Data for the task:
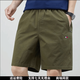 
YLIN TOMMY American Tommy Tommy Shorts Men Flagship Summer Casual Cropped Pants Men Pure Cotton Straight Beach Pants Men 9215 Navy Blue 3XL Recommended 160-180Jin [Jin equals 0.5 kg]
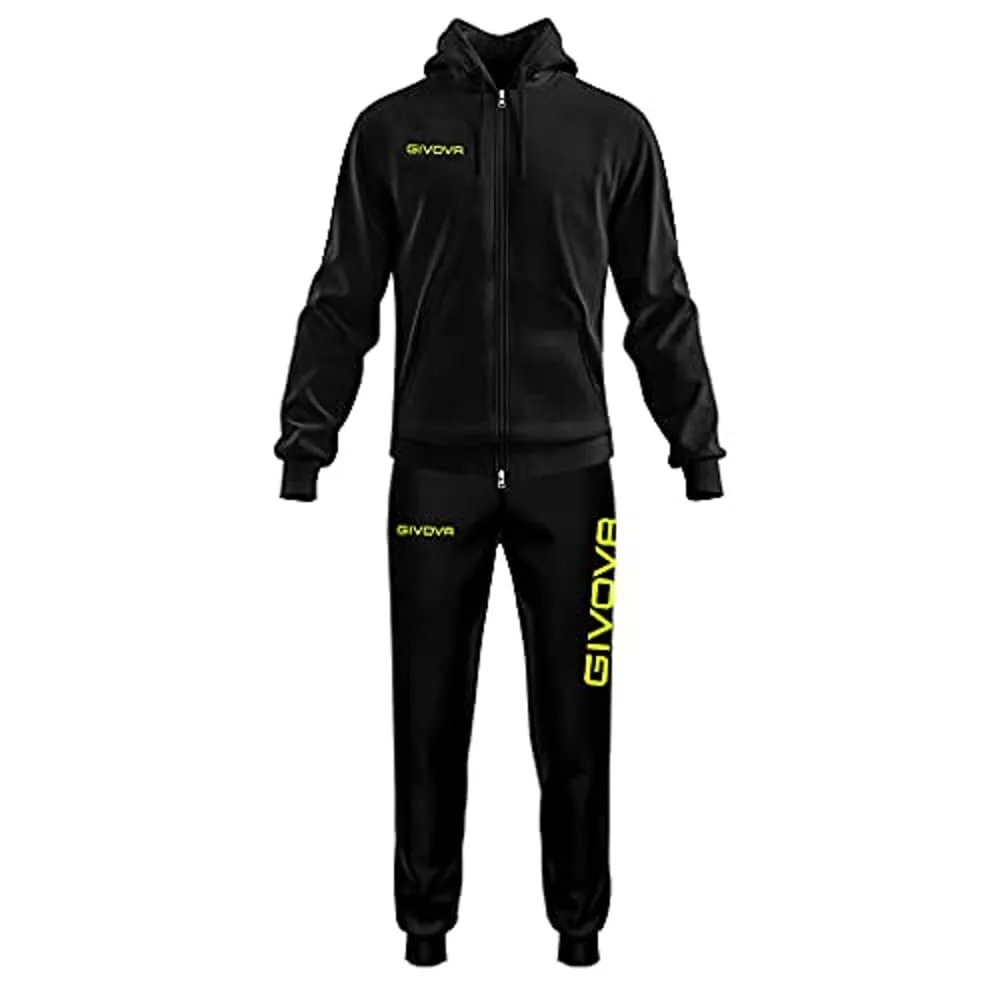 Givova Tuta King Felpa Nero/Verde Fluo 4XL - immagine 2
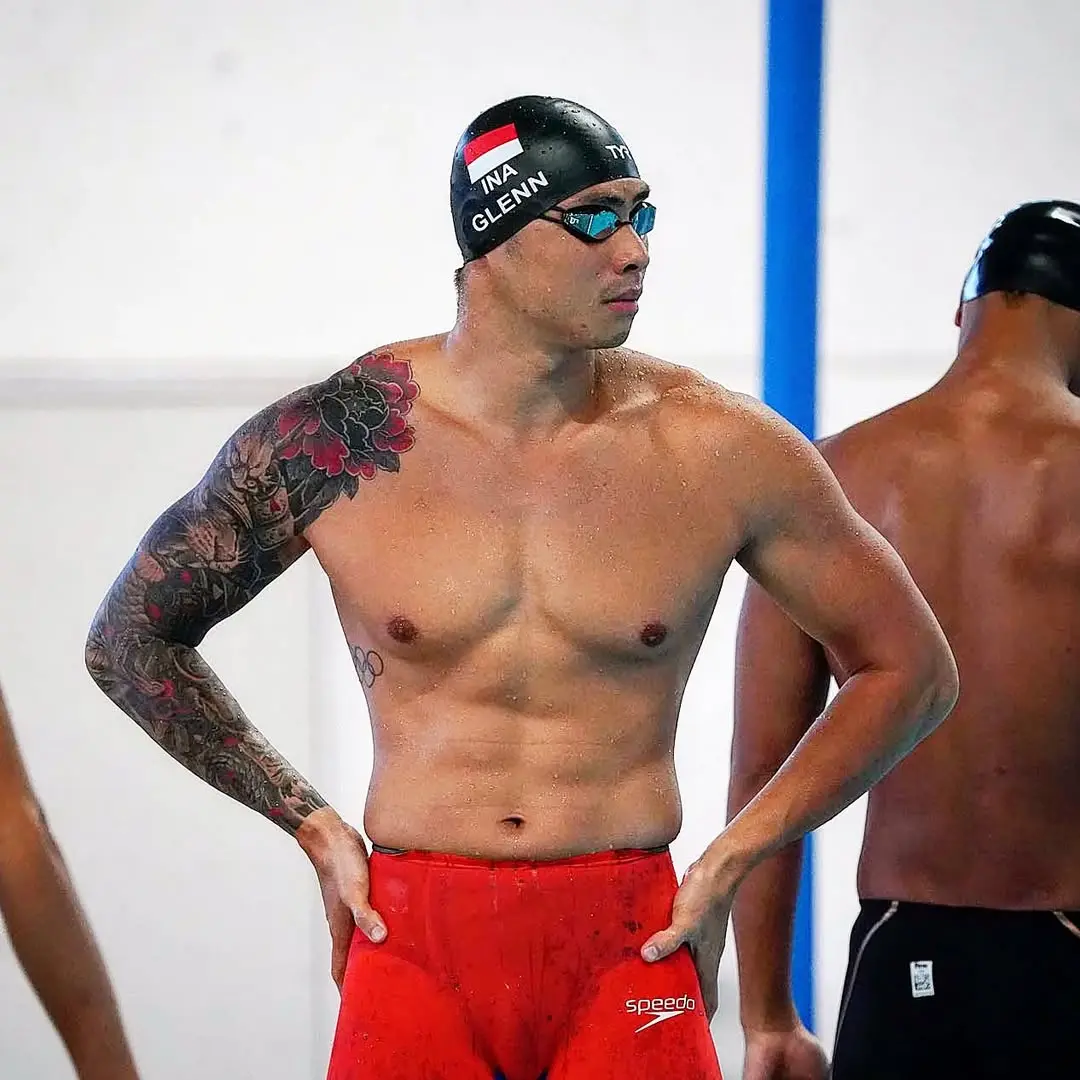 Indonesian swimmers : Glenn Victor Sutanto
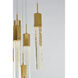 Canada 41 Light 35.4 inch Gold Chandelier Ceiling Light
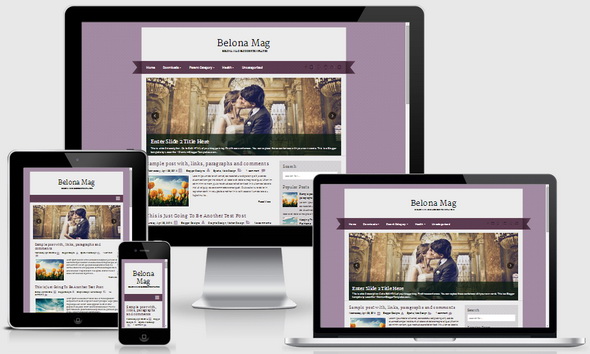 Belona Mag Blogger Template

Problem description: Reproduce exactly and only the lines from the one with "Indonesian swimmers : Glenn Victor Sutanto" through the last entry, both included, excluding every picture.

Result for this task:
 Indonesian swimmers : Glenn Victor Sutanto
 Canada 41 Light 35.4 inch Gold Chandelier Ceiling Light
 Belona Mag Blogger Template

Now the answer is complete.